Filed under: Blogging — holly.schwendiman @ 10:46 am

Okay, I’m slowing coming into the many new tools and toys of today. Some transitions are just slower than others. Like me learning to retype with only one space between sentences! But times and standards are always changing, I suppose that could be said of everything. Specific to music, I got my first iPod for Mother’s Day this year. I’ve loved it. I find that I listen to my iTunes all the time when I’m at my computer, which is most of the time! *giggle* My new iPhone also has all the iPod capabilities and I haven’t even scratched the surface there yet. I’m still reveling in having access to the Internet wherever I am with it. This Halloween I even found new applications. Making a sound track for the Fear Factor room was super easy and I could just load it to my iPod! We used our iHome alarm clock, dropped in the iPod and had instant sound track, no burning CDs, etc. It was quite slick and made me one happy camper!

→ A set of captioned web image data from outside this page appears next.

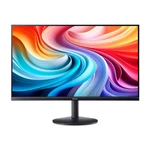 Acer Essential SB243Y G0BI 120HZ 1080P Computer Monitor - Refurbished. Fixed Price $65.09.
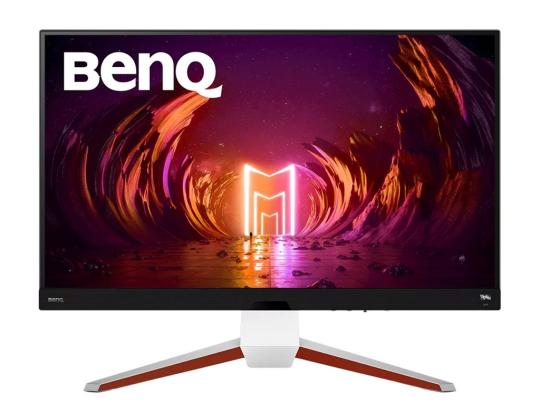 BENQ MOBIUZ EX3210U 31,5 tuuman LEX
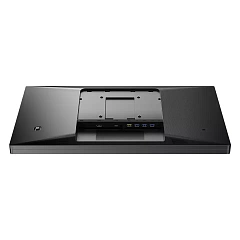 Монитор 23,8" PHILIPS 24E1N3300A/00/01 IPS FHD 1920x1080 75Hz 1мс 300кдм 1000:1 Mega Infinity DCR Угол Обзора 178/178 1xHDMI 1xUSB-C 3.2 4xUSB3.3  Встроенные колонки 2x3W Цвет:Черный.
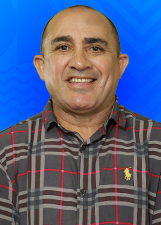 Foto de FRANCISCO JOSÉ FURTADO FILHO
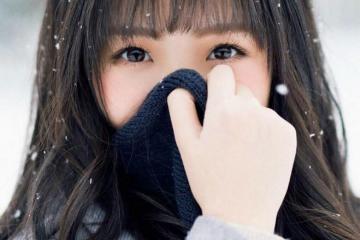 开云体育中国-意甲焦点战之夜，切特一锤定音，成为胜负手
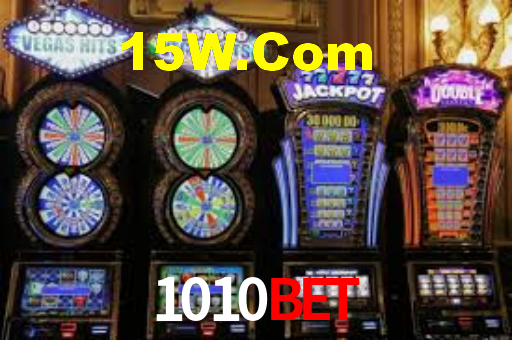 1010Bet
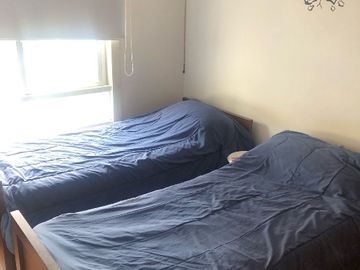 Departamento en venta en Barrio Parque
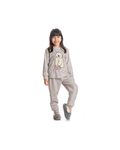 Pijama-Sophia-Soft-Longo-Infantil-Daniela-Tombini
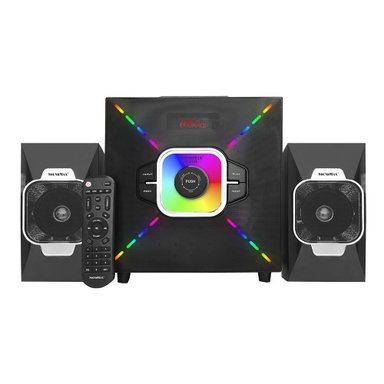 Loa vi tính SoundMax A2126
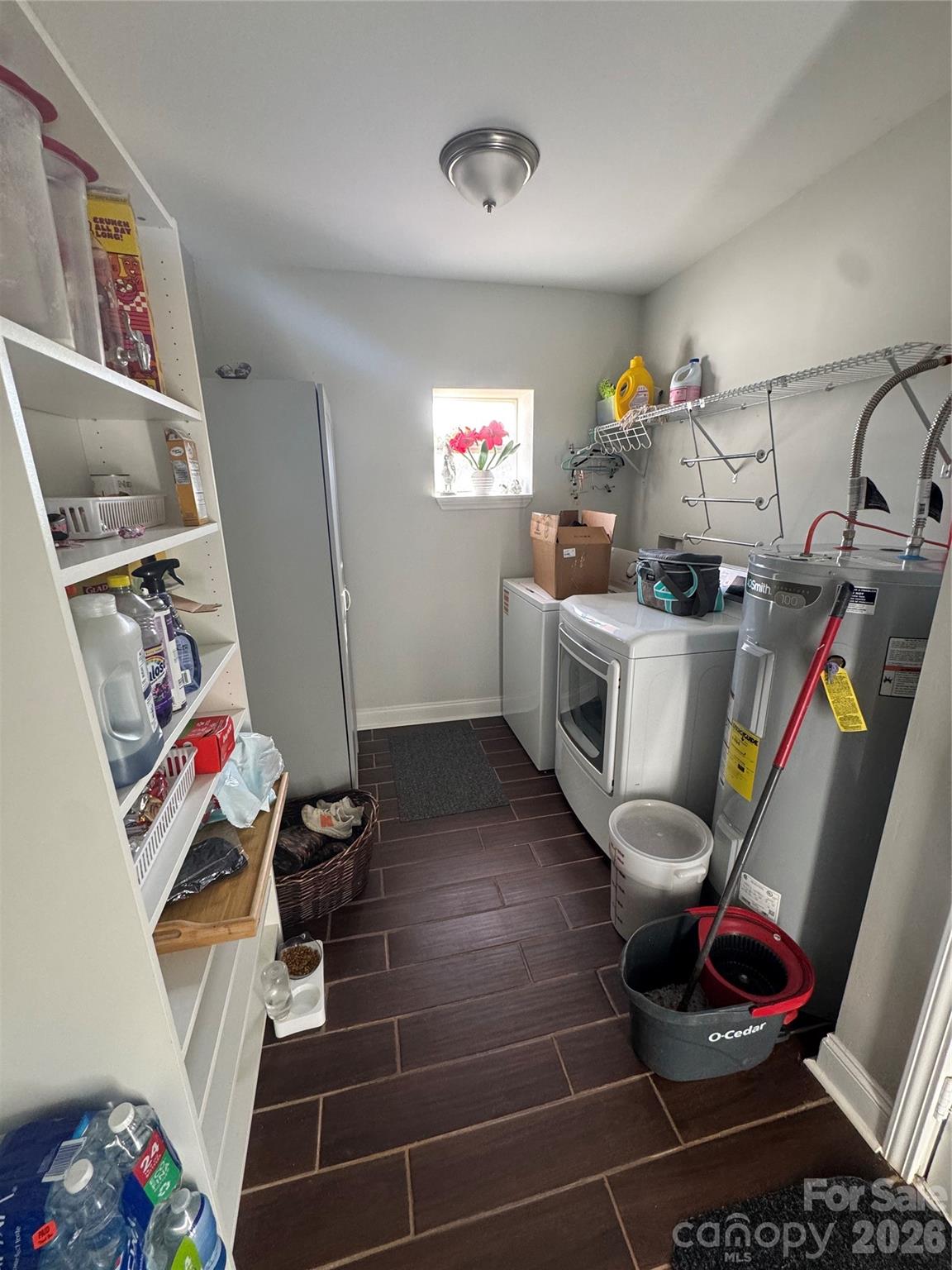 1319 Rollings Roost Road Property Photo 19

I got on board earlier with blogging than most of my friends and family, consequently I blog a bit different. That’s okay, this world is about differences not making everything the same. You can tell a lot about a blogger by when they started. Different fads and styles are apparent for different times and styles of bloggers. Now, I know there are a lot of fun applications with blogs, but just so I’ve said it, I really dislike the music one! Sound on websites is one of my least favorite things anyway. I usually can’t find the mute button fast enough! But when I go out to read and catch up on blogs I’m already at my computer….listening to my iTunes. So I’m already enjoying my favorites, but when I visit blogs that have that music widget all sound heck breaks loose. I’ve only visited one or two that give the visitor the option of hitting play, most are automated and instantly start playing music. This stinks! It instantly clashes with what I’m already listening to and the mute button silences everything not just the blog music I don’t want to hear. Worse, is with me always multi-tasking, I will often open several blog windows in separate tabs at one time while I’m at one menu. You can just imagine how much fun THAT is to listen to! If you think finding the mute button is hard enough to do in a hurry try scrolling down pages of blogs to find the blasted widget so you can hit pause and stop the madness! I personally want to string up the person who thought of and created the instant music blog widget. *snort*

So today I say thanks to those who at least keep that widget at the top and not the bottom of their pages. To those who let me choose to hit play I thank you even more, and to the few who don’t have it I don’t even have words to express my gratitude!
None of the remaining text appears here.